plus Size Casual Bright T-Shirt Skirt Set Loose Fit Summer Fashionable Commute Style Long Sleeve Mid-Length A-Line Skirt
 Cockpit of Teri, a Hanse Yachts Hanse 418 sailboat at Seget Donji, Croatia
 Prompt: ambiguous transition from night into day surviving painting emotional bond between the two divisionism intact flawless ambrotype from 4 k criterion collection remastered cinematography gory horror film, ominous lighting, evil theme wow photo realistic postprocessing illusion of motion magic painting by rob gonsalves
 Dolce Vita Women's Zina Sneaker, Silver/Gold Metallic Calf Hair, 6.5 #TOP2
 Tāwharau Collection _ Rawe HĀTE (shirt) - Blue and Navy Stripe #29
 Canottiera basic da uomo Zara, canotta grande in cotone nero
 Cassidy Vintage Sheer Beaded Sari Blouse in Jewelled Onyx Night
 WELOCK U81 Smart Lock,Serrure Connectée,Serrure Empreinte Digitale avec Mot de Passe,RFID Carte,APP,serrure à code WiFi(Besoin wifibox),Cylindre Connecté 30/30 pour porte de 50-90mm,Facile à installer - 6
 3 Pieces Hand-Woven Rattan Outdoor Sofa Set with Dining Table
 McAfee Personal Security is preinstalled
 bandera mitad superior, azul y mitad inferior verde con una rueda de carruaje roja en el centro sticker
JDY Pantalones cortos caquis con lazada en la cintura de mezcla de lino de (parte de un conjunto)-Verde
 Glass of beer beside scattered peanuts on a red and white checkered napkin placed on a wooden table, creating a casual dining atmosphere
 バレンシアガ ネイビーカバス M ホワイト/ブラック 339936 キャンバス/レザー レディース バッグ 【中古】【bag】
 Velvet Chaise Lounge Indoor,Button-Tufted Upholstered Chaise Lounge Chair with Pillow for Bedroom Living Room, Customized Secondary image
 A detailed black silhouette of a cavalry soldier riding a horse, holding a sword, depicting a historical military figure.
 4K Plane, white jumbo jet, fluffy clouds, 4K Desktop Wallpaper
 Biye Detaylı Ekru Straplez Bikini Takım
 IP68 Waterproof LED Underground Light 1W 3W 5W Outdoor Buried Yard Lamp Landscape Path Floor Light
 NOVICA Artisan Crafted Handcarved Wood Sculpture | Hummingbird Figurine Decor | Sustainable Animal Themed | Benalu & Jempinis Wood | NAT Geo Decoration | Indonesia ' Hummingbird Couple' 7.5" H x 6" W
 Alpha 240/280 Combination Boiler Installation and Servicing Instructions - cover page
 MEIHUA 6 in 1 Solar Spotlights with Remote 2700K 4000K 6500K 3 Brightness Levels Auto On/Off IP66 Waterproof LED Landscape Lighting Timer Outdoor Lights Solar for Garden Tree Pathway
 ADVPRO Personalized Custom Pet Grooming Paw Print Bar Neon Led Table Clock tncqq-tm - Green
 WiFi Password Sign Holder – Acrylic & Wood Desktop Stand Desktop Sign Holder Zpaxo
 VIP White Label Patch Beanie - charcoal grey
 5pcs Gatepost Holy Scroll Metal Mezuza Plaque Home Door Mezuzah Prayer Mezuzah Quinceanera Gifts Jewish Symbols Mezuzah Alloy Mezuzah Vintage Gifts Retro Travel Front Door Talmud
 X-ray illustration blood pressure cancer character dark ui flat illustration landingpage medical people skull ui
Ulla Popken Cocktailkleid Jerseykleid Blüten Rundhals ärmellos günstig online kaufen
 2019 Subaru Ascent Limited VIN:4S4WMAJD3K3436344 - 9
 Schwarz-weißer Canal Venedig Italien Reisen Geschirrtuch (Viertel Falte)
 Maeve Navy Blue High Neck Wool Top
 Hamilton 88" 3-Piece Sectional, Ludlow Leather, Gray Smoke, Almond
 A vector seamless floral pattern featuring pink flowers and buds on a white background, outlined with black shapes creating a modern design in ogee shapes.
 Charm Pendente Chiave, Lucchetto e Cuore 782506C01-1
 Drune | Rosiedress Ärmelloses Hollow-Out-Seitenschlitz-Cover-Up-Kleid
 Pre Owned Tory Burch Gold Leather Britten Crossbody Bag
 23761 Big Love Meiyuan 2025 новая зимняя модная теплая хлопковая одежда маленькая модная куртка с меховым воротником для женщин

**WHAT THE TASK REQUIRES:** Once every line of the listing that contains "WiFi" has been counted, give the total and nothing else.

**ANSWER TO THIS TASK:** 2